The story adheres to a familiar format for comic adaptations – two very different groups (in this case, the dark and eerie Addams clan and the disturbingly cheerful Middle-American Beineke family) are brought together by a Guess Who’s Coming To Dinner? type romantic mismatch. A twist on tradition is a key plot point – Gomez knows about daughter Wednesday’s engagement to the seemingly unsuitable Lucas Beineke, but swears not to tell Morticia, setting up the crisis of a man trapped between love for his wife and love for his daughter. The script is fraught with light-hearted tension and ultimately resolves in a series of classic “love conquers all” moments extending not only to the young couple but to both sets of parents (Gomez and Morticia Addams, Mal and Alice Beineke) and to the most unlikely of Lotharios, Uncle Fester.
Both the breadth and depth of talent on stage are truly impressive. The twelve Addams Ancestors, representing earlier generations of the family, provide a solid choral background, lively and athletic dance ensemble, and plenty of comic moments - Christopher Sweet’s ghostly conquistador is positively unforgettable. Emily Windler’s “Grandma” is really quite lovable in a stunted, twisted way, and she brings a razor-sharp wit to her work with Pugsley (Karsten George) in the “What If” scene. George shows a fine grasp of physical comedy in “Pulled,” and his vocals and timing are spot-on throughout. Isaac Lamb’s incurably romantic “Uncle Fester” moves from the campy “Fester’s Manifesto” (complete with ukulele) to the utterly enchanting “The Moon and Me” – a perfect example of this show’s ability to meld the absurd with genuinely lovely ballads.

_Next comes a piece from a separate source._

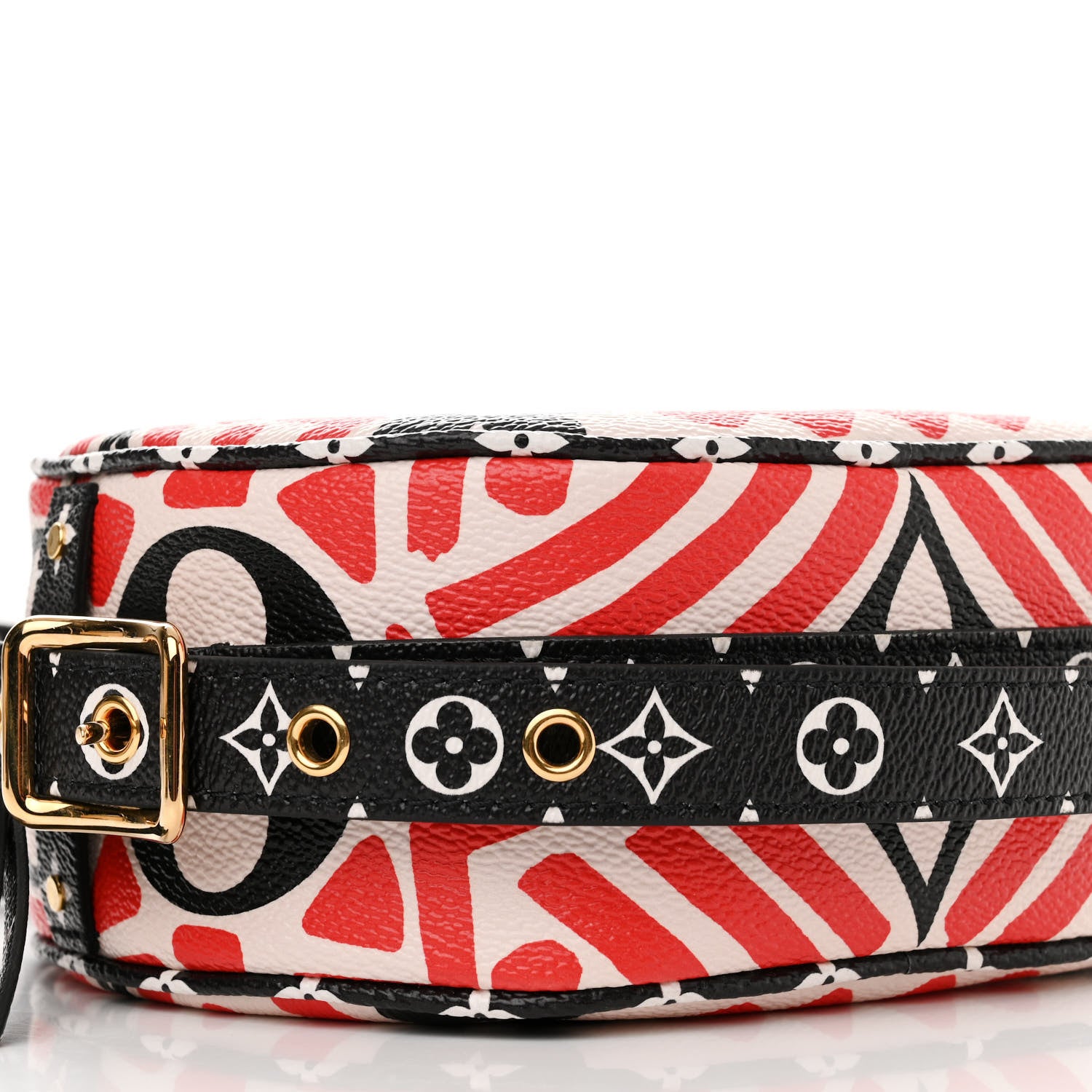 Louis Vuitton Monogram Giant Crafty Boite Chapeau Souple PM Creme Rouge Black 8 of 9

Joe Theissen (Gomez) and LisaMarie Harrison (Morticia) get some of the show’s finest numbers – Theissen’s “Happy Sad” captures the spirit of any father dealing with the pride and heartbreak of a growing daughter, and he conveys his passion for Morticia with just the right note of Latin lover in numbers like “Live Before We Die.” Like the rest of the Addams clan, Harrison”s “Morticia” is playfully dark, but she reveals her soft underbelly in flashes of maternal devotion and wifely love that transcend mere passion. At her lowest moment, Harrison reminds us subtly of Tevye’s conundrum, then (with the help of the Ancestors) does a spectacular job of cheering herself up in the classically Broadway-style “Just Around the Corner.” Molly Duddleston is charming – perhaps a little too much so – as Wednesday Addams. Her voice is lovely, but she’s just too cute to completely sell the hostile, depressed side of her character, giving us a bit too much ingénue and not quite enough Goth.

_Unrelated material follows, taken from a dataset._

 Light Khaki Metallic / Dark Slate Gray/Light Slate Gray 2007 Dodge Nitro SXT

The role of Alice Beineke was a bit of a throwaway in the first two Addams Family productions I saw, but Amy Jo Halliday quite simply steals the show at Broadway Rose. Her trip across the tabletop in “Waiting” (so reminiscent of Bye Bye Birdie’s Rose Alvarez) is an absolute showstopper – nothing less than the full ensemble rendition of “Full Disclosure” could have followed it to end Act I. The combination of her vocal power and utter lack of inhibition sets a dauntingly high bar for the rest of the cast, moving the show from “really fun” to absolute dynamite.

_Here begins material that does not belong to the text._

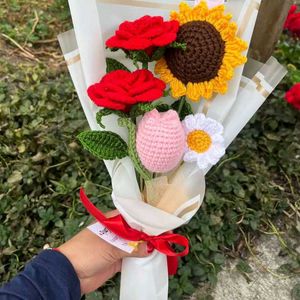 Handmade Crochet 🌹🌹🌼🌻Flower Bouquet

Alan D. Lytle and his orchestra keep the show moving at a rapid pace, and the elaborate sets are engineered to eliminate even slight delays for scene changes. Director Taphorn has injected the script with several crowd-pleasing contemporary quips, and her choreography is dynamic, precise and imaginative, particularly in ensemble numbers with the Ancestors. Broadway Rose’s first big summer offering for 2017 is well worth a trip to Tigard for fine acting, great vocals, and a full evening of laughter.
Broadway Rose’s The Addams Family runs through July 23d at Tigard High School’s Deb Fennell Auditorium.